**Your instructions:** Leave the pictures out. Return the rest of the listing below exactly.

**Information provided:**
——————————
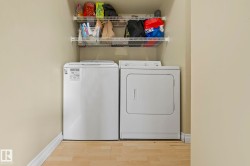 Laundry area with light wood-style flooring and washing machine and clothes dryer - 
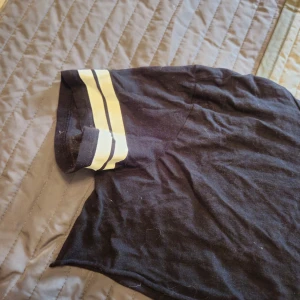 Svart croppad t-shirt Divided S - Svart croppad t-shirt från Divided med korta ärmar och två vita ränder på ärmsluten. Klassisk rund halsringning och loose fit. Perfekt för en chill och sportig vibe.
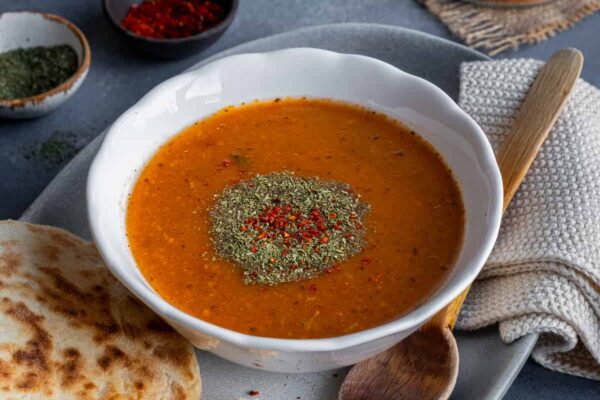 Tarhana Soup Recipe – Give Recipe A bowl of tarhana soup garnished with dried mint and red pepper flakes, some bread and a wooden spoon on the side.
——————————
**Task answer:**
 Laundry area with light wood-style flooring and washing machine and clothes dryer - 
 Svart croppad t-shirt Divided S - Svart croppad t-shirt från Divided med korta ärmar och två vita ränder på ärmsluten. Klassisk rund halsringning och loose fit. Perfekt för en chill och sportig vibe.
 Tarhana Soup Recipe – Give Recipe A bowl of tarhana soup garnished with dried mint and red pepper flakes, some bread and a wooden spoon on the side.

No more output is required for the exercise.